I’ve been hearing from several parents and grandparents about their young people’s addiction to video games and want to write a bit about it.
Whether video games build skills or are a waste of time doesn’t matter too much here. What matters most is that we stay well connected to our young people regardless of what they’re up to. Teens have as great a need for our love and approval as they did as toddlers. We may have forgotten, but life as a teen is full of overwhelming challenges in this society.
There’s an unhelpful and sanctioned by society pull to criticize teenagers as they try to navigate these difficult years. And it’s most likely the way we were treated as young people. (Most of the men my age –baby boomers–were kicked out of their house at some time in their adolescence for long hair!).
So what to do?
To be brief (because I’ve been trying to get this post out for 2 weeks), just hang out with you teen whenever you can. See if your teen (I wish we had a pronoun like the pronoun “ta” in Chinese which means both he and she; I’ll use he for this post) will let you lie on his bed when he’s on the computer.
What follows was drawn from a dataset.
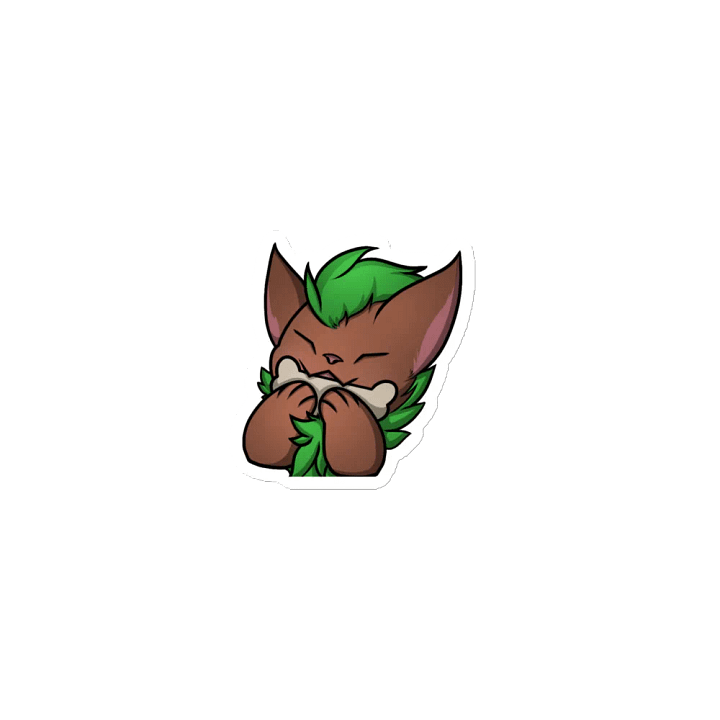 Jewel Noms Magnet product image (1)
Bring your book. Eventually, he might want to show you something about the game he’s playing. Show interest. And he may even want to start talking about bigger issues after he trusts that you want to spend time with him with no agenda. No advice; no orders; no unasked for “information.” Just clock in the time. It will make a huge difference for that young person.
It’s been useful for me to remember that it isn’t the job of our young people to make us proud; it’s our job to be proud of our young people.
I hope this is helpful for my dear readers.